On August 26, 2008, Brown returned to the Finnish Korisliiga after signing with Kataja.
He averaged 14.0 points and 5.9 rebounds on average over 43 games in 2008–2009.

On January 19, 2010, Brown signed a six-week deal with Benetton Fribourg Olympic of the Swiss Ligue Nationale de Basket (LNBA), temporarily replacing the injured Vladimir Buscaglia.
He played only three games with Fribourg, before his contract was cancelled on January 27 by the Swiss in order to recruit Ed Draughan.
He played an April 3 IBL game (scoring 22 points) with the USA All-Stars, a team composed of tryout players.
In October of the same year, he was announced as likely to play for the Elkhart Express again in exhibition games away to the Chinese national team.

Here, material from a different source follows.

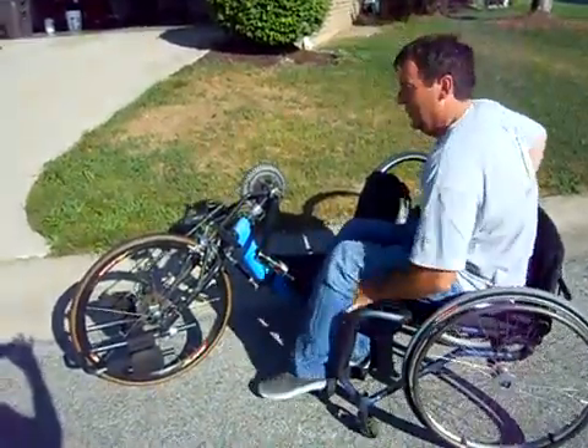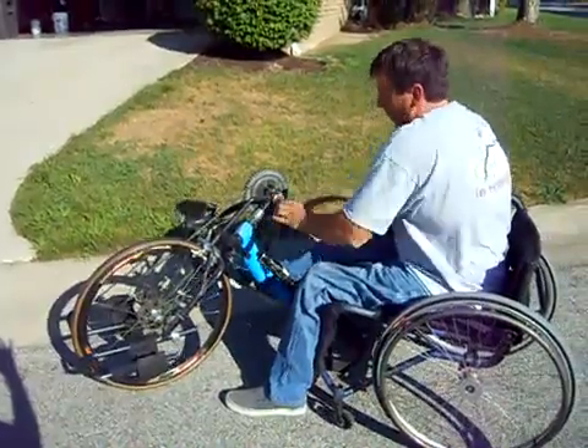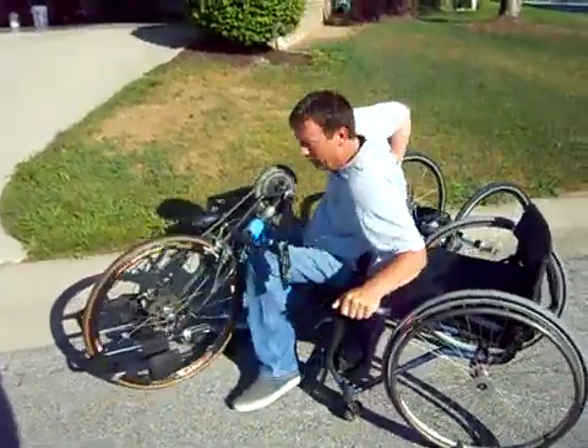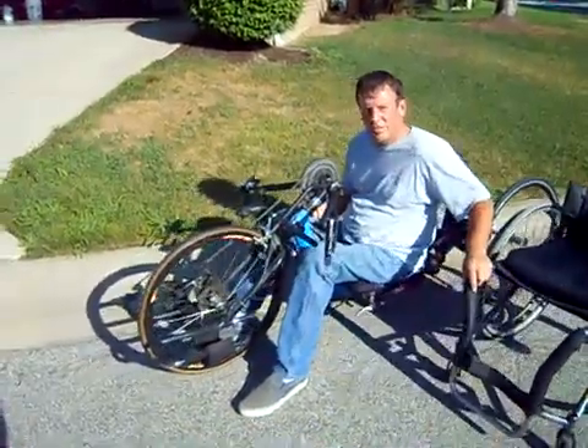All right, climbing in — take one leg, throw it over, transfer over to the seat. It's pretty straight, vertical. It's just like sitting in the chair.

When former Gary Steelheads coach Robert Spon was chosen to coach Canadian PBL outfit Québec Kebs, he brought a number of his former players along with him, including Brown and former teammate Royce Parran to play the 2011 season starting in January.
He had an immediate impact, leading the team in scoring (22,3 points per game), rebounding (8.3 pg) and blocks (3 pg), with two nominations for league weekly MVP.
This success continued into the season as he was the league's top scorer with more than 21 points per game, he later added the PBL season MVP title, whilst the Kebs' season ended on April 9 following a contentious playoff semifinals defeat to the Rochester Razorsharks.
His next stop in early May was with another Canadian side, the IBL's Edmonton Energy.
However, he left the team in late May due to what were described as family issues.

In September 2011, the American joined Cuxhaven BasCats to play the 2011–12 German second division 2. Basketball Bundesliga season.
He played 18 games for 14.6 points and 5.9 rebounds per game,
He suffered a hand injury that sidelined him from January, when it became apparent he wouldn't recover in time to play again for the BasCats he asked to be released from his contract and left the team on February 21, 2012.

Later that month, Brown reunited with the Quebec Kebs, who had in between joined the newly created National Basketball League of Canada (NBL), which was made up of several former PBL teams. He made his league debut on February 23, 2012, in a loss to the Halifax Rainmen, scoring 0 points in just 1 minute of play.

Brown was named NBL Canada Most Valuable Player in 2015 and subsequently won the league championship.

==Personal==
Quinnel Levar Brown's second name was given to him in reference to actor LeVar Burton, who played Geordi La Forge in Star Trek: The Next Generation, he is nicknamed Q by friends and teammates.